::: SUPPLIED RECORDS

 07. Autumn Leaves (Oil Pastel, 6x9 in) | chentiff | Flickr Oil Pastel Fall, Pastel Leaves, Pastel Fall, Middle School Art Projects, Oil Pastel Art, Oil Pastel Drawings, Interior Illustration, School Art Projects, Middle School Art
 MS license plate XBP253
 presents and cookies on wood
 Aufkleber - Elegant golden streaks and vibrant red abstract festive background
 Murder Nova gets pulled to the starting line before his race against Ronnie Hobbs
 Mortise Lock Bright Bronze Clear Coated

::::::
::: SUPPLIED RECORDS

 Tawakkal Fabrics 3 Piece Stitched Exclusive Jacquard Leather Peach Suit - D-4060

::::::
::: SUPPLIED RECORDS

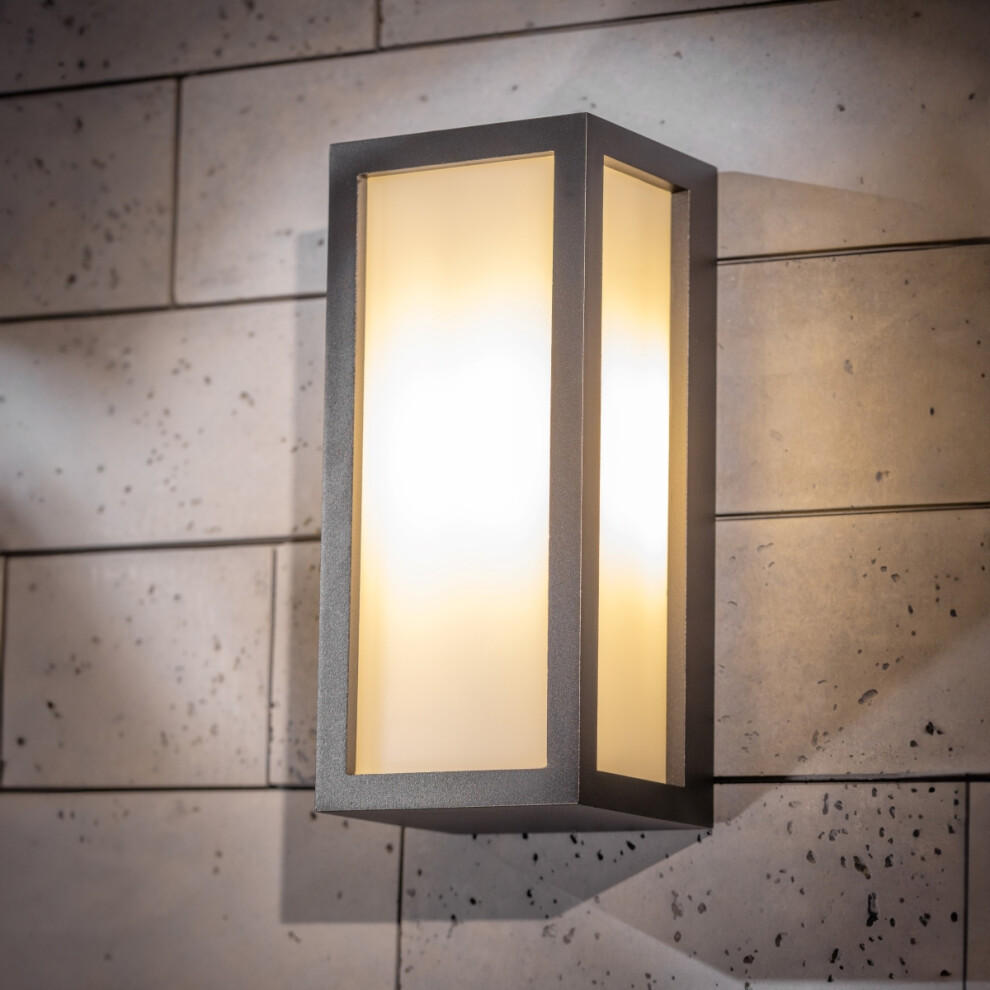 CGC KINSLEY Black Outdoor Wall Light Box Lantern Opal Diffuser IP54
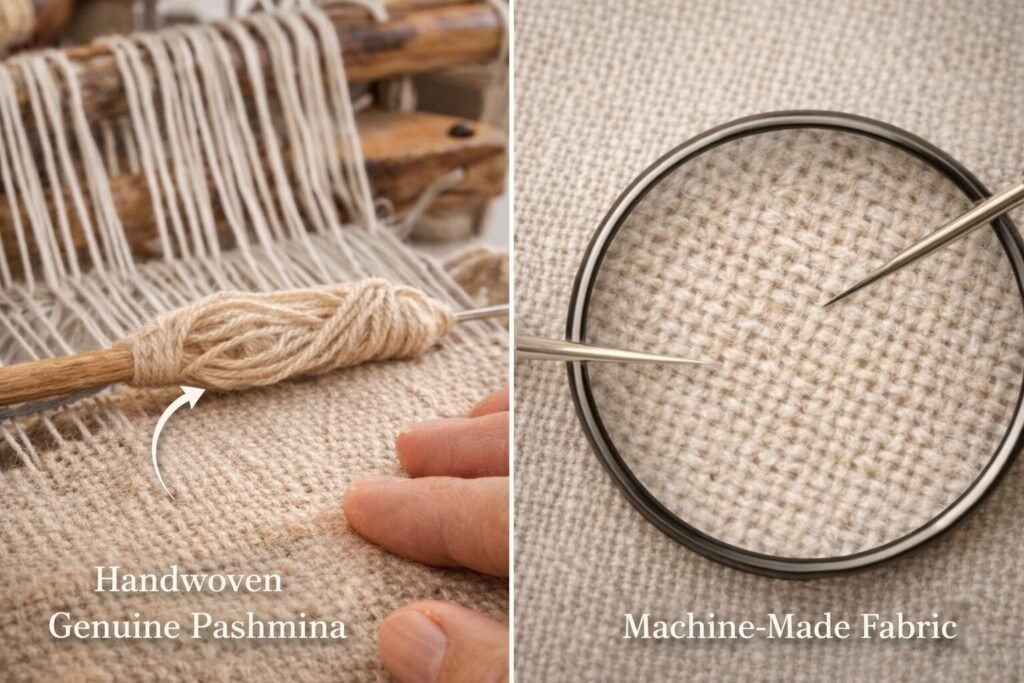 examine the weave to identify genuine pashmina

::::::

=== TASK TO COMPLETE ===
Referring to the material above, set down exactly the lines between the line with "07. Autumn Leaves" and the line with "presents and cookies on wood", inclusive, and no other lines.

=== YOUR RESPONSE ===
 07. Autumn Leaves (Oil Pastel, 6x9 in) | chentiff | Flickr Oil Pastel Fall, Pastel Leaves, Pastel Fall, Middle School Art Projects, Oil Pastel Art, Oil Pastel Drawings, Interior Illustration, School Art Projects, Middle School Art
 MS license plate XBP253
 presents and cookies on wood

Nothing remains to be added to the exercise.